WORK TO COMPLETE: Everything from the line containing "Un loft moderno" down to the last line below should be set down exactly, and only that, without the pictures.

------ AVAILABLE DATA ------

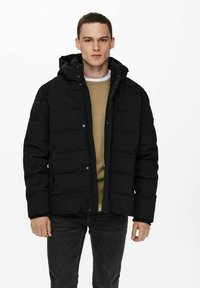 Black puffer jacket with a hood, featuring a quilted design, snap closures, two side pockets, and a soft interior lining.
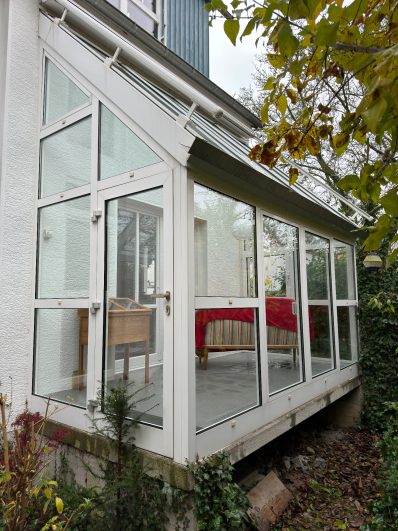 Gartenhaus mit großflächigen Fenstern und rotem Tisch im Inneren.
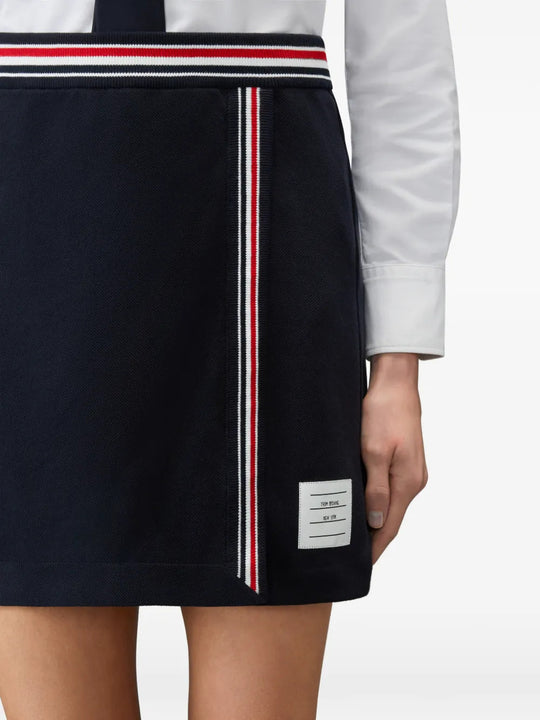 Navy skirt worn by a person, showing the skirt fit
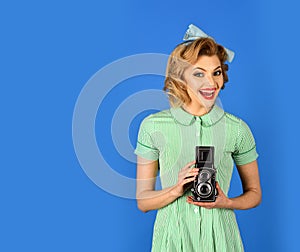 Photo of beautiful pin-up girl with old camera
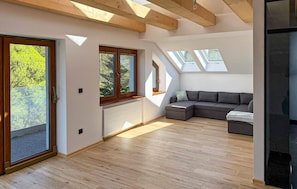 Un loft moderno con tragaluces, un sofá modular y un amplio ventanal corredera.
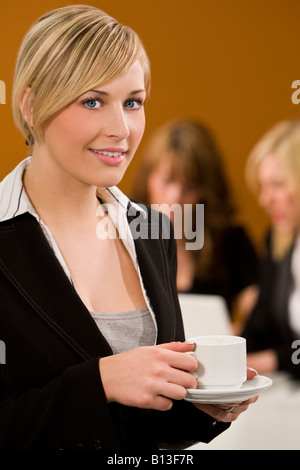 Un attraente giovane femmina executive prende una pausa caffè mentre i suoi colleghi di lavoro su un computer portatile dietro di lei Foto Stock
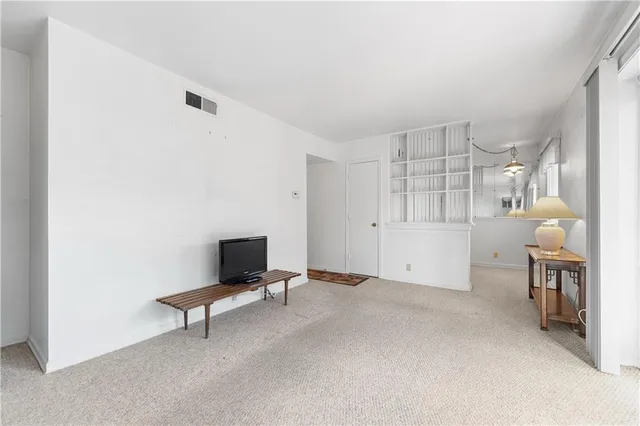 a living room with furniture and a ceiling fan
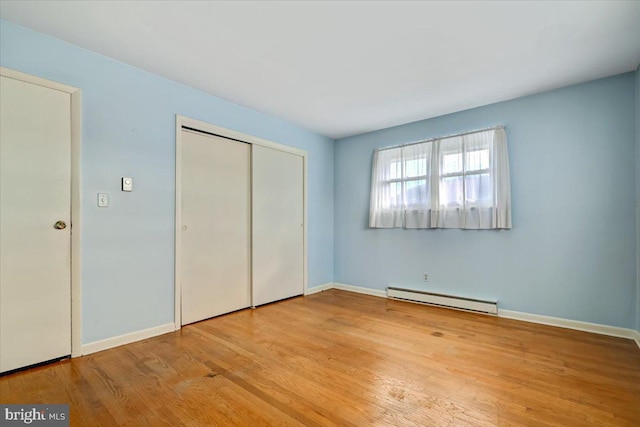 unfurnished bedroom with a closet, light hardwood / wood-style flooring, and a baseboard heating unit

------

TASK ANSWER:
 Un loft moderno con tragaluces, un sofá modular y un amplio ventanal corredera.
 Un attraente giovane femmina executive prende una pausa caffè mentre i suoi colleghi di lavoro su un computer portatile dietro di lei Foto Stock
 a living room with furniture and a ceiling fan
 unfurnished bedroom with a closet, light hardwood / wood-style flooring, and a baseboard heating unit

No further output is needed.